For Immediate Release:
18th December, 2003

“This is yet another case of the government ignoring rural communities”, says Ellen Ramsey, President of Rural Women New Zealand.” We found out about the proposed change through a small brief in the Otago Daily Times, not through official channels and at a busy time of year when it could have easily been overlooked.”

A consultation document on the change in the District Health Board voting system, doing away with the rural ward system, was circulated around the District Health Boards and Local Government but not through rural interest groups such as Rural Women New Zealand or Federated Farmers. The government has ignored the rural vote and the primary industry that keeps this country economically viable earning 65% of GDP (MAF 2002 Statistics)

Rural Women New Zealand has met with the Damian O’Connor, Associate Minister of Health and Associate Minister of Agriculture to discuss the meaning of the voting system to be told that the process is in train. Rural has been left out because it is thought that the candidates were not able or not listened to at DHB level to put the case for rural health requirements. Under the proposed system this is not going to change. Broadening the candidate pool for DHB districts of varying population compositions between urban and rural, will not assist marginalised groups such as rural. Furthermore, there are few rural people, with limited time to spend sitting on boards due to the nature of their business, able to lobby candidature for DHB’s in rural and urban.

What will the change in voting system do? The system does not recognise that rural is a marginalised group and specifies Maori, Pacific Island and Asian cultures as marginalised. Rural Women New Zealand has research conducted by Ruth Panelli and Lou Gallagher titled ‘Rural Health Care’ that identifies a number of gaps in the provision of care to rural New Zealand.

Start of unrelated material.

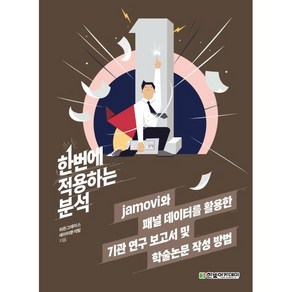 한번에 적용하는 분석: jamovi와 패널 데이터를 활용한 기관 연구 보고서 및 학술논문 작성 방법, 히든그레이스 데이터분석팀 저, 한빛아카데미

Further, the new system will promote a ranking system for candidates who may or may not have rural perspectives. Getting a rural perspective is about networking on a daily basis from chatting to the neighbor, to chatting at the local Farm Discussion Group. It is about being known by the rural peer group and being part of a rural community. It is not about a candidate living and networking in town who say they have a rural perspective but do not network with the relevant constituents they purport to represent.
The only change that rural can now affect is by putting preferential rankings against rural candidates and hoping that the urban voters are not as diligent as the rural voters are.

The Minister of Health has the option of appointing a candidate where it is felt that a marginal sector (Maori, Pacific island, Asian) is not well represented.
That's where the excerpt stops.